And it is all so self-consciously cool and hip and arrogant that it's obnoxious. If I met Mr. Stephenson, I would want to pull his pants down in public or to catch him on camera picking his nose just to take him down a notch. He obviously considers himself a member of the "power elite," people who "control society because they have this semimystical ability to speak magic computer languages," who are a "technological priesthood." (Notice--quotes from the book.)

This book was written in 1992, and it was apparently much ahead of its time in predicting development in the computer world. (I wouldn't know, really.) It is occasionally satirically humorous in its depictions of the future, particularly in its portrayal of the United States as being covered by one franchised business after another. It was morally offensive to me in its portrayal of a sexual coupling between a 15-year-old girl and a 30-something man. Sex, even graphic sex within reason, is OK with me, but child-adult sex is not.

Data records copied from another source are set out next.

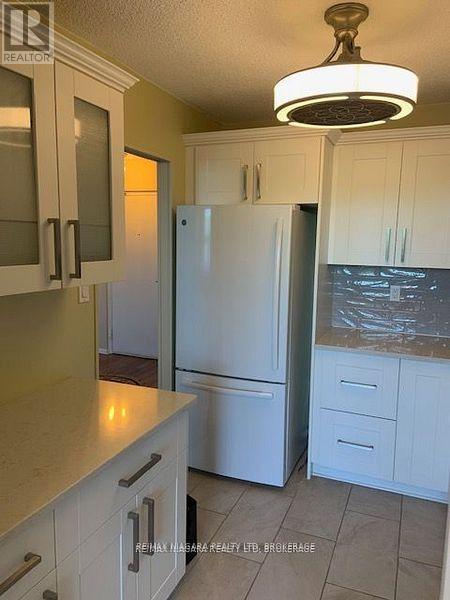 609 - 365 Geneva St Street, St. Catharines, Ontario  L2N 5S7 - Photo 12 - X12488104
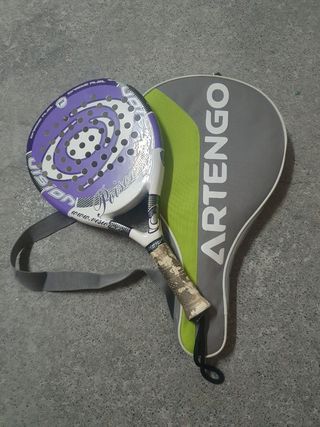 pala de pádel Vision, modelo Poison con funda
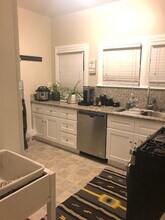 707 Brent Ave, Unit A in South Pasadena, CA - Foto de edificio - Building Photo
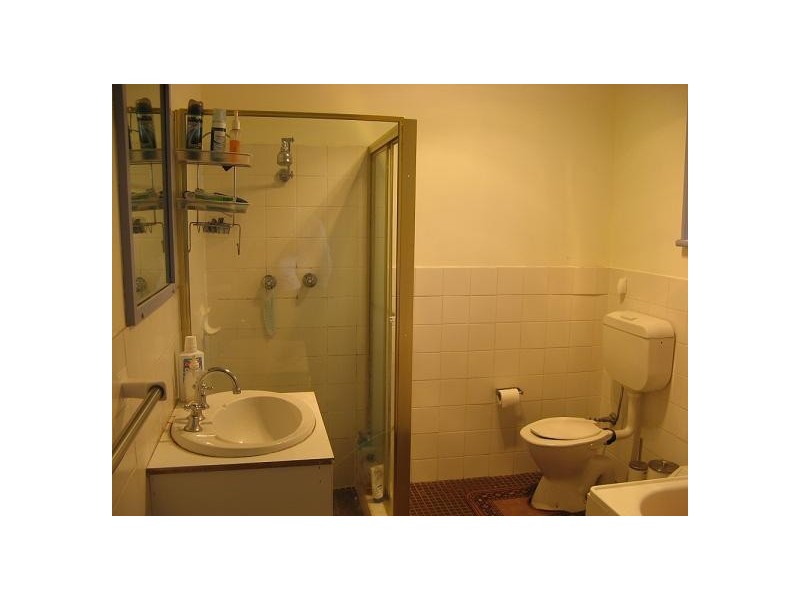 8 Christie Street, Minto NSW 2566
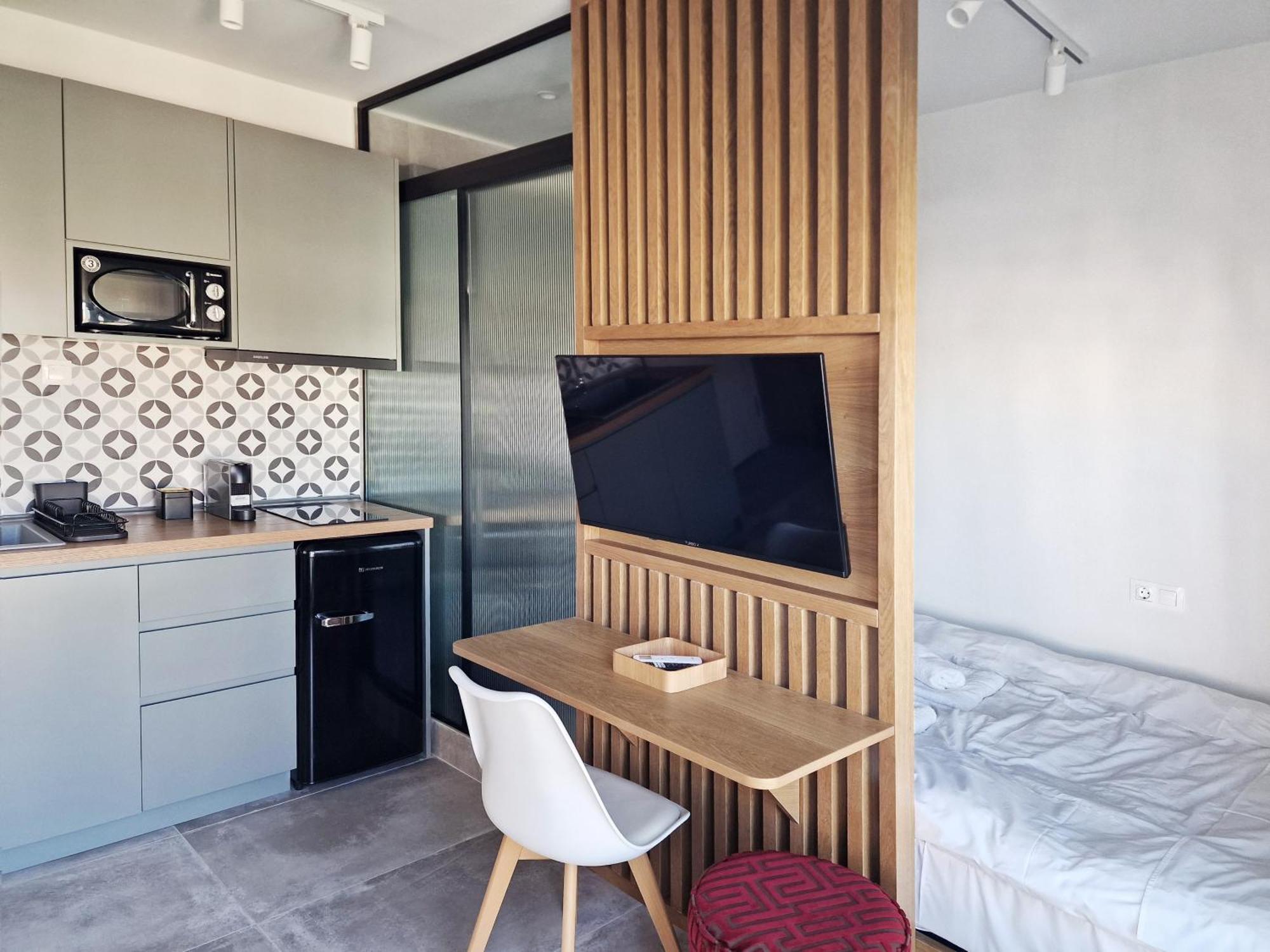 Small Elegant House Apartment *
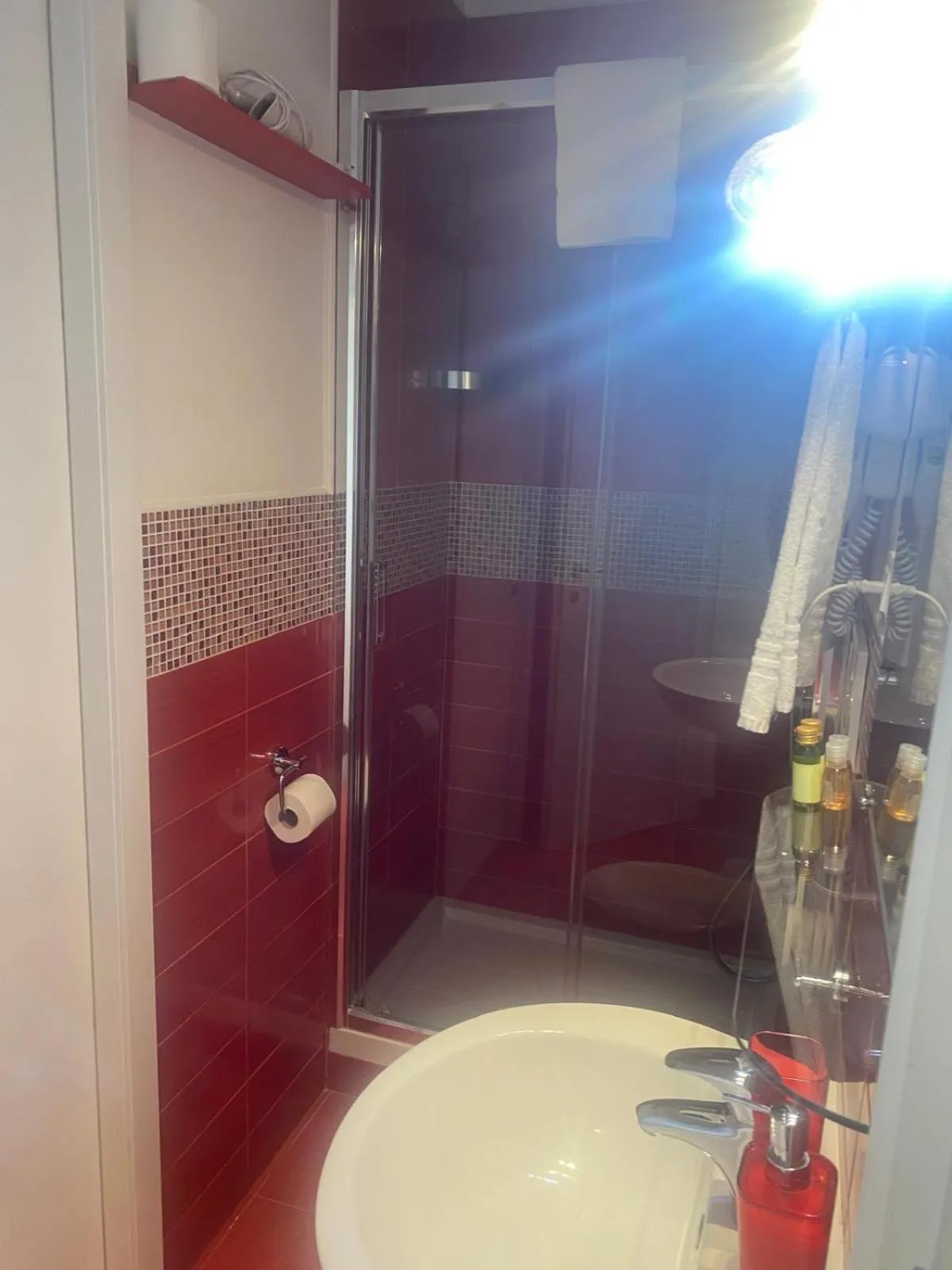 Shower in Temple View FCollection Superior Relais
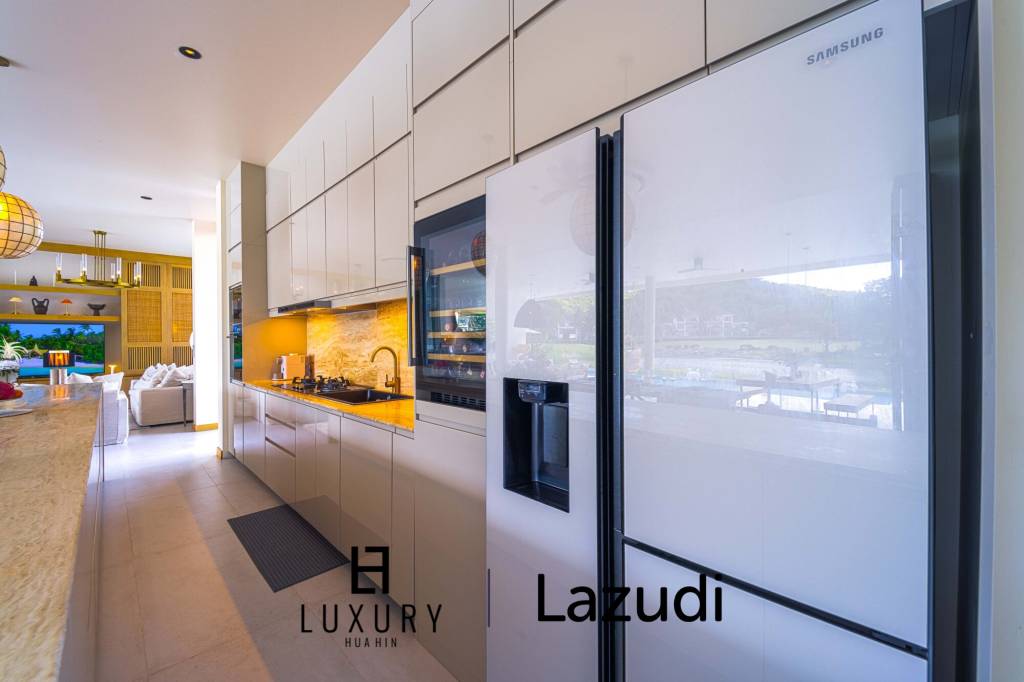 Située au bord d'un lac, à proximité d'un terrain de golf / Terrain de 1 600 m² / 6 chambres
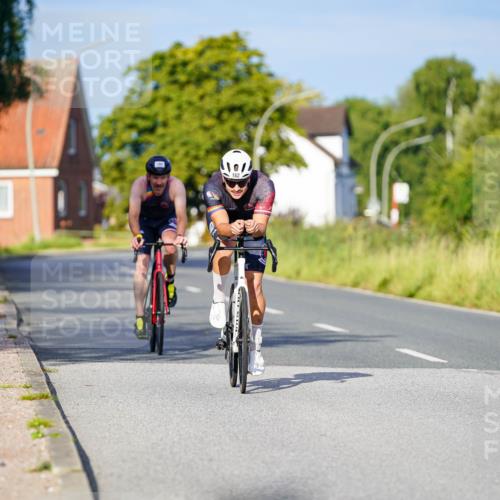 31.08.2025 - Elbe Triathlon Hamburg Michael Burmester http://msf.ph/oto/8689680 31.08.2025 08:41:57 Radfahren 180, 182 meine-sportfotos.de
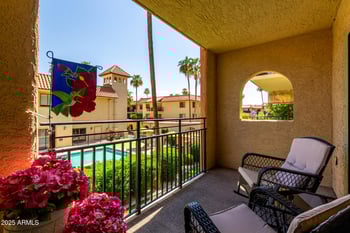 10330 Thunderbird Blvd #C207, Sun City, AZ 85351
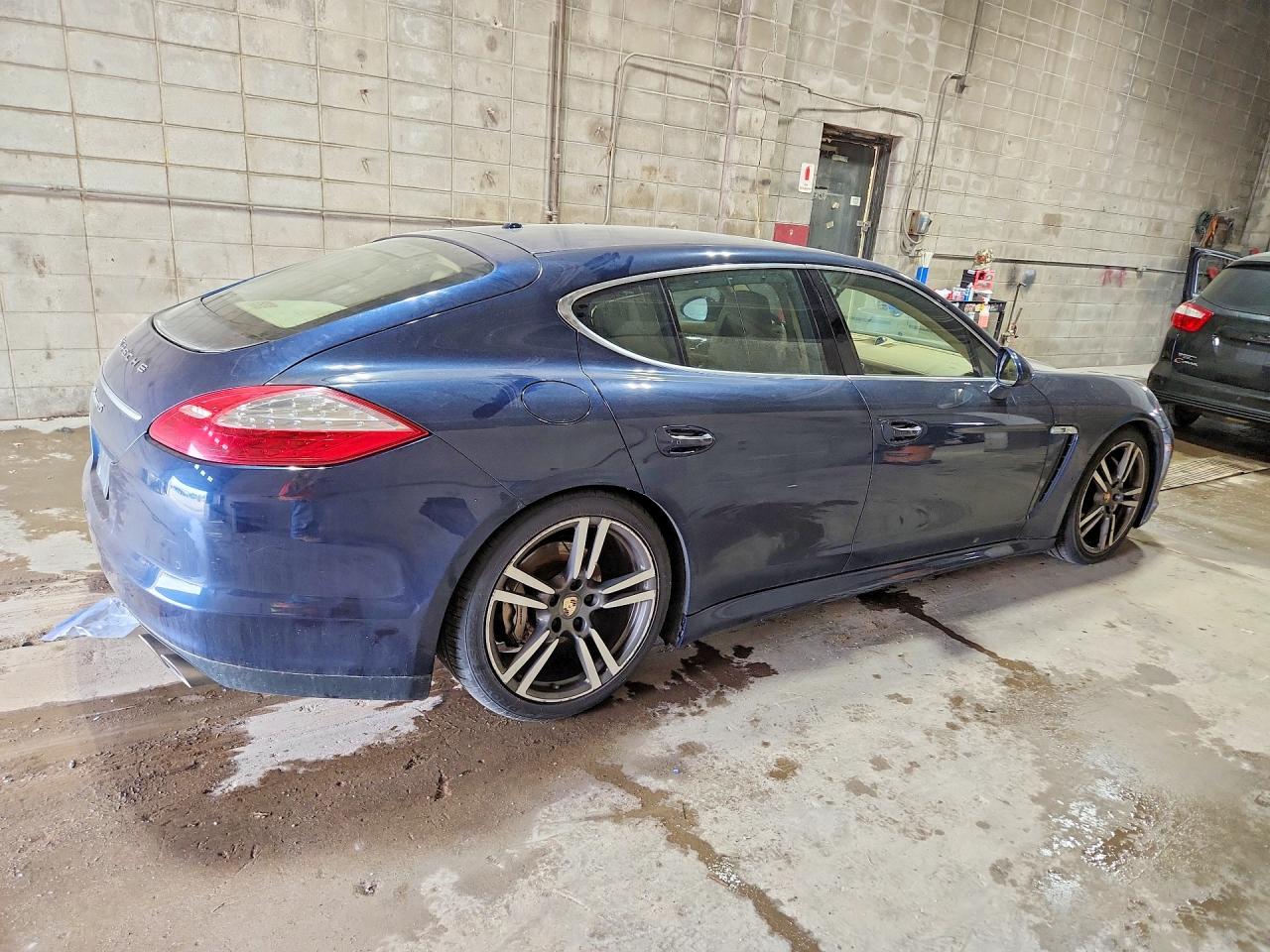 2012 PORSCHE PANAMERA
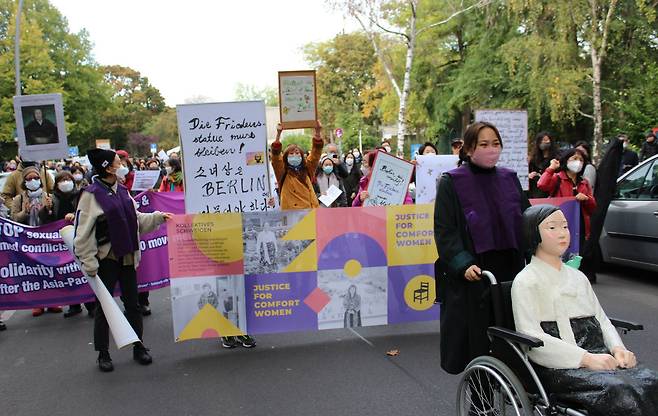 13일 독일 베를린에서 '평화의 소녀상'에 대한 당국의 철거 명령에 대해 항의하는 교민과 현지인들이 행진을 하고 있다./연합뉴스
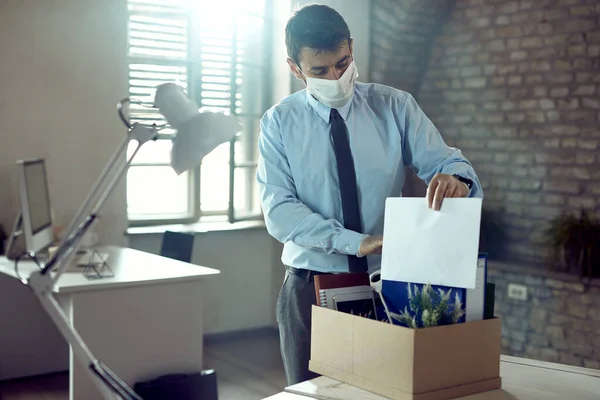 Young Entrepreneur Wearing Face Mask Packing His Belongings Losing His — Photo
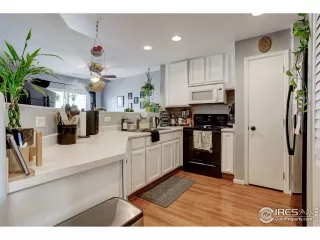 Photo #6: 950353 Listing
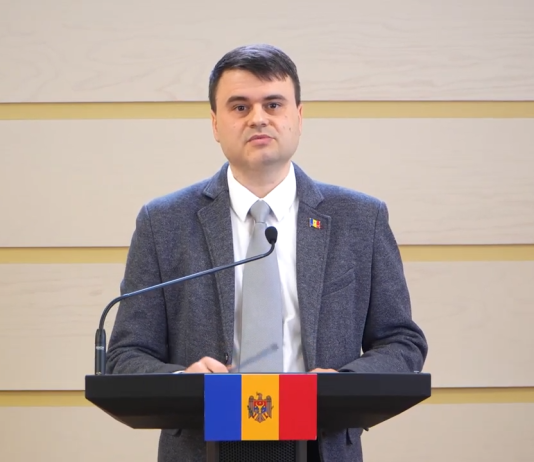 Alexandru Berlinschii anunță pregătirea unor modificări la noua Lege a cetățeniei: ”Azi, tinerii din Moldova riscă să rămână apatrizi!”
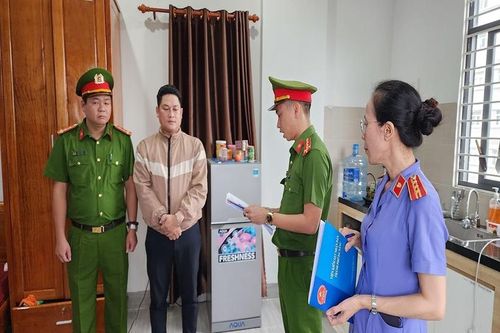 Lãnh đạo công ty tài chính lừa đảo hơn 200 tỉ đồng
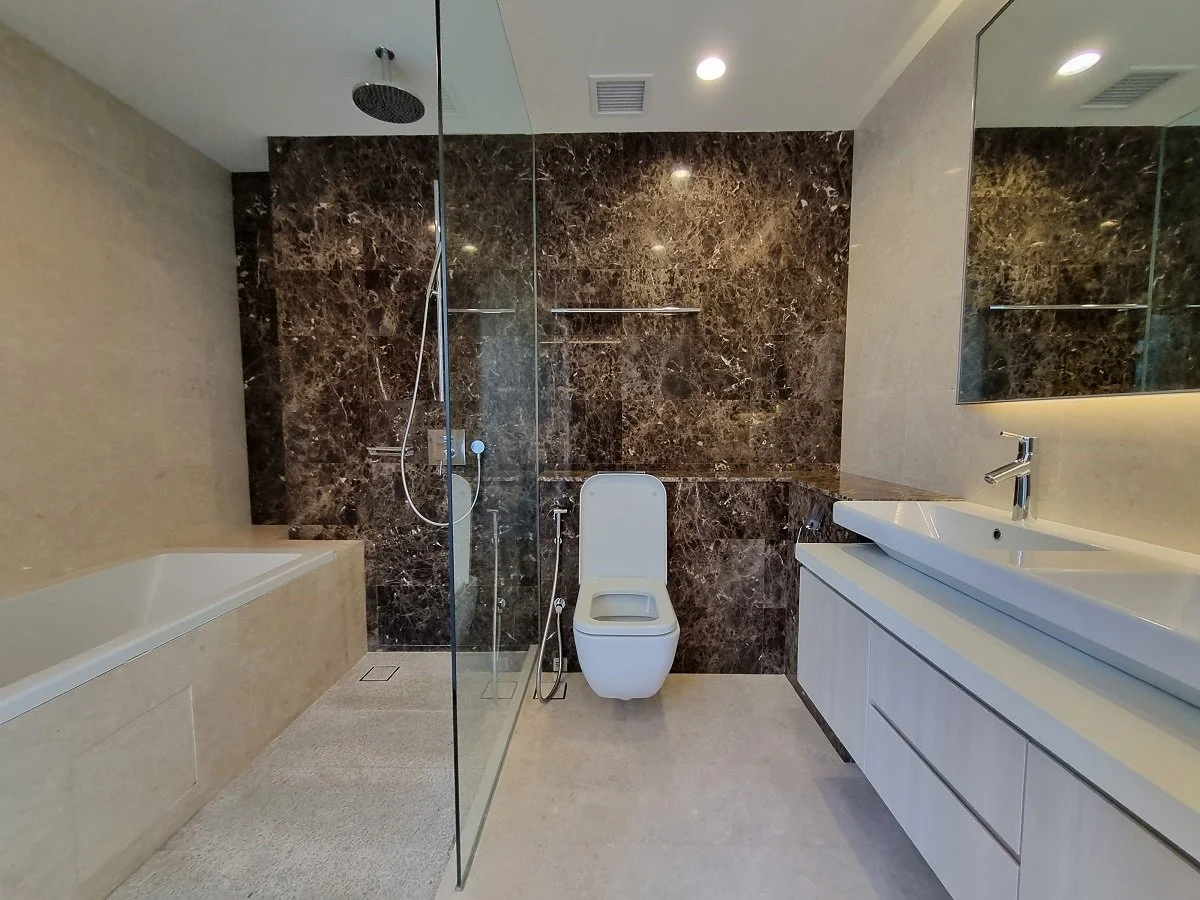 Level 2-Master Bath.jpg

I was tricked into reading the novel by the Times Top 100 list, which included this, along with such books as The Great Gatsby, The Grapes of Wrath, The Sound and the Fury, Lolita, Lord of the Flies, and so on. I have always considered that for a book to be considered "great" or "a classic," it should be somewhat timeless and universal. While Snow Crash may have been cutting-edge and influential in its time, it has (probably) already become somewhat dated in its technology, and only a relatively small techno-savvy population can really completely understand its message.